Thank you for the awesomeness that is the script. If I might ask a question: why is the user agent Windows 10 if this is a bash script? I’m genuinely curious and I don’t know why.I imagine this might be WSL. You did mention it was an old script so maybe it had something to do with that?
I can confirm that the script still works, but sadly the site owner of Vim has removed the file from the server. The script sees a file link but will download nothing. When testing the script with just NES, it will see a game, but will throw an error of “remote files name has no length”, so going forward you could test via a vpn and see if they adjusted their files to be available via a country that doesn’t care, or they just haven’t gotten around to cleaning up their file directory list post removal.
P.S. the script showed that 23 field failed to download so one can assume those files were the one Nintendo decided to have them remove.
Every section had missing downloads. But with some web inspection, I found some interesting obfuscation using what I think is JavaScript on the web pages that “used” to hold the download links, for the files that were requested to be removed. If we can figure out how to reverse the code to reveal the link again we could grab (assuming they are still on the server) the files manually.

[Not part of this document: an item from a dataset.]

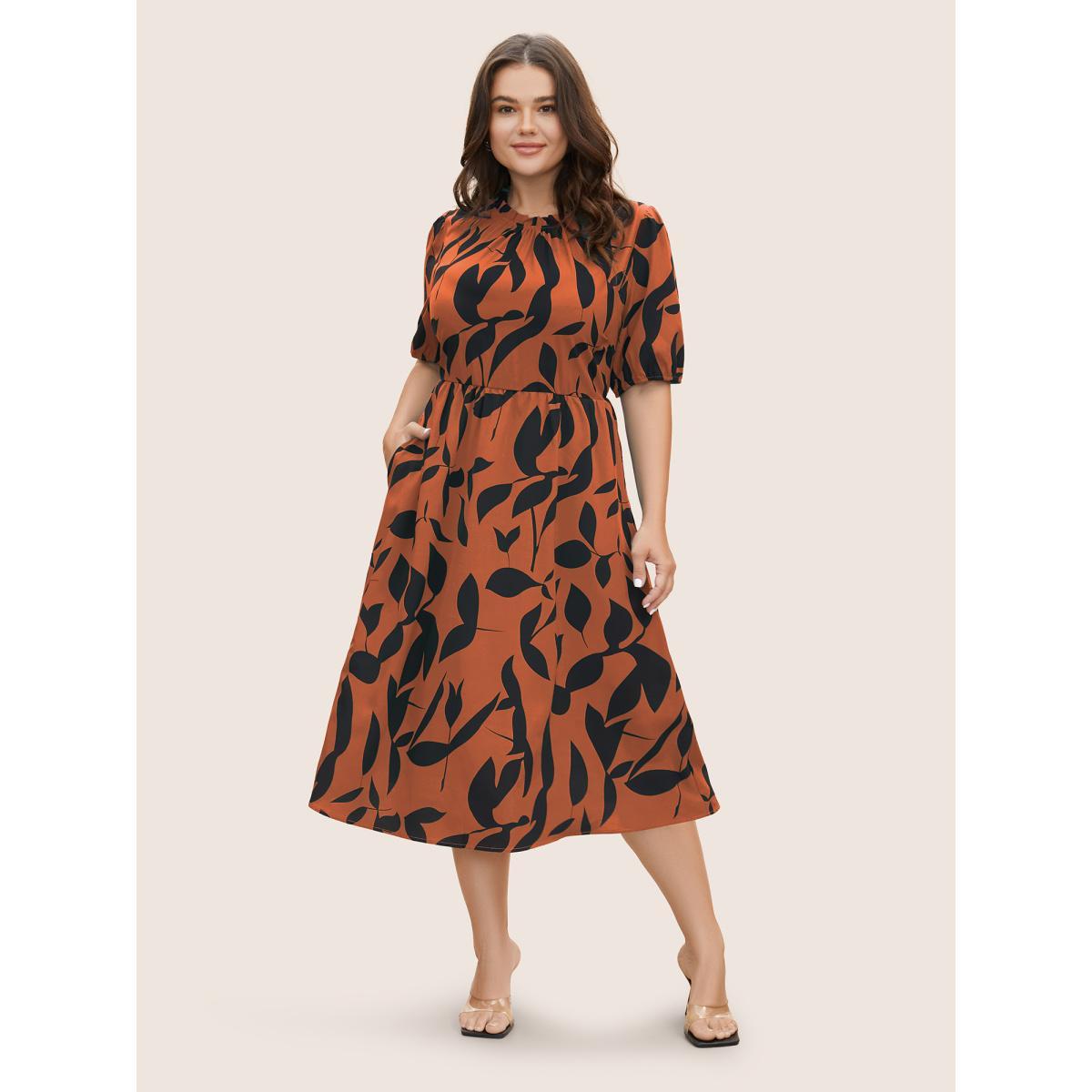 Plus Size Silhouette Floral Print Mock Neck Midi Dress Coral Women Elegant Gathered Mock Neck Short sleeve Curvy BloomChic 12/L Product Image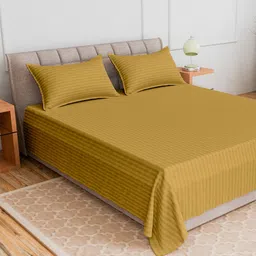 CURIOUS LIFESTYLE Gold-Toned Striped 300 TC King Bedsheet with 2 Pillow Covers-9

Not surprised, I think a lot of sites tend to start removing things as they are posting about being made to do so. As I imagine that having them still up after posting about the removals would likely cause a surge in downloads. Not sure what kinds of things the sites might have to (or be compelled to if formally sued) provide to lawyers/courts. Would (at least to my non-understanding of processes) be that many more “infractions” to add to a “damages” total. Even if none of my assumptions are an issue. It is just like any other data issue. The worst time to try and get copies for a backup is after shit happens/fails. Though I imagine that at least for 8-bit and 16-bit games, there are plenty of copies on plenty of sites and torrents.
The “user-agent” part of the script is the same as a browser’s user agent. So it’s trying to emulate a common user so the site doesn’t know it’s a script, and there’s not a more common user than a Windows one, so it’s lying about it.